Updating S.M.A.R.T info should not take very long, and remapping bad sectors should be in the order of a few minutes.
Really need someone to install a good S.M.A.R.T diagnostic program such as HDDSentinel and watch the pertinent values such as sector errors and read errors.
I would like to add another case of thrashing hard drives. I had two WD5000AAVS in a MyBook Professional II external enclosure which worked fine for some two years. After replacing them by bigger disks I cleaned them with the unix wipe-command.

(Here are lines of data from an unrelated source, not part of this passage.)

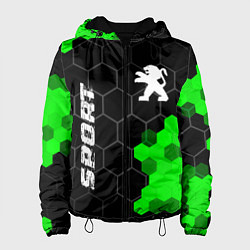 Куртка с капюшоном женская Peugeot green sport hexagon, цвет: 3D-черный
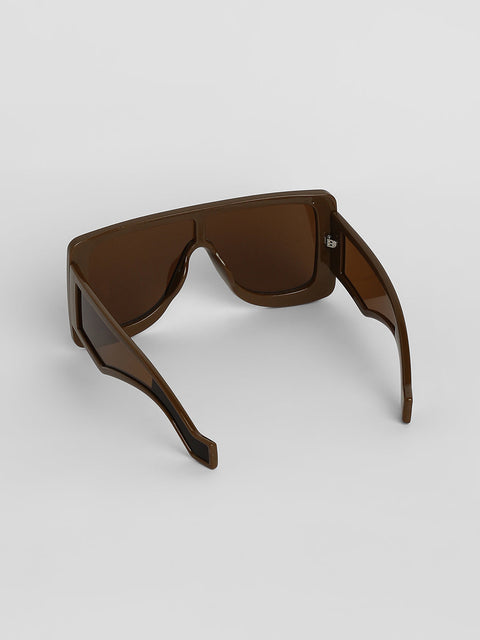 CAHOOT Men's Futuristic Oversized Sunglasses - Brown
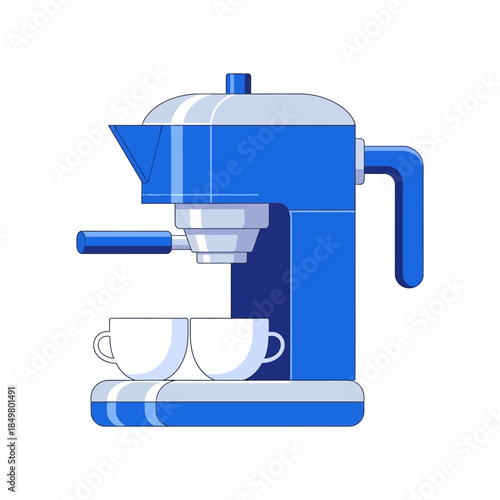 Simple modern blue coffee maker with two cups on a matching tray in a minimalistic style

After that, both drives show the described thrashing. After running them for a continous couple of days, there was no relief. WD’s status tool doesn’t show any errors.
WD’s tool only shows a small sub-section of the available SMART values.
If you are on Windows, can you install HDDSentinel (or any equivalent tool, that’s the one I know and use) and check the SMART values. Look for remapped sectors, Load/Unload cycle counts. If the raw values in HDDSentinel display in hex with lots of leading zeros, right click the column and change to decimal display.
If you are on Unix there must be some equivalent I am sure.
If possible, reformat the drive and see if that helps.